Work instruction
Without the pictures, set down everything in the listing exactly.

Dataset section
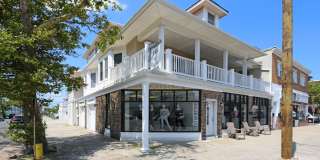 5123 VENTNOR Avenue unit: B Gallery 1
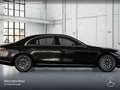 Mercedes-Benz S 600 S 580 e L 4M 360+DIGITAL-L+BURMESTER3D+FAHRASS+20" Schwarz - thumbnail 20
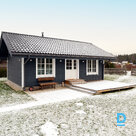 House for sale in Mežogu iela 6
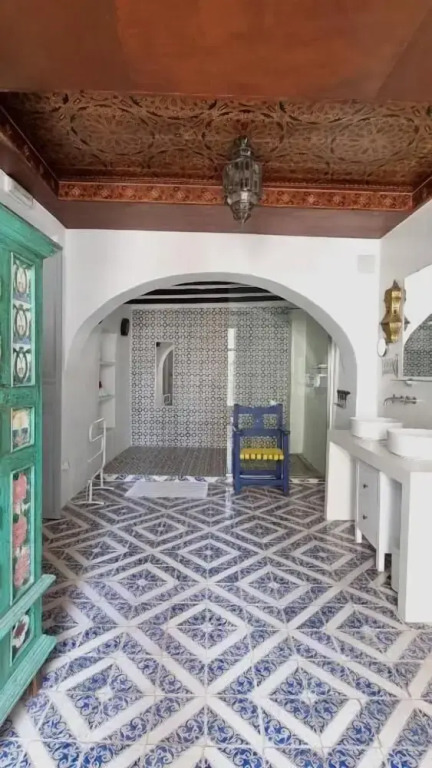 Boutique B&B Número Cuatro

Result of this task
 5123 VENTNOR Avenue unit: B Gallery 1
 Mercedes-Benz S 600 S 580 e L 4M 360+DIGITAL-L+BURMESTER3D+FAHRASS+20" Schwarz - thumbnail 20
 House for sale in Mežogu iela 6
 Boutique B&B Número Cuatro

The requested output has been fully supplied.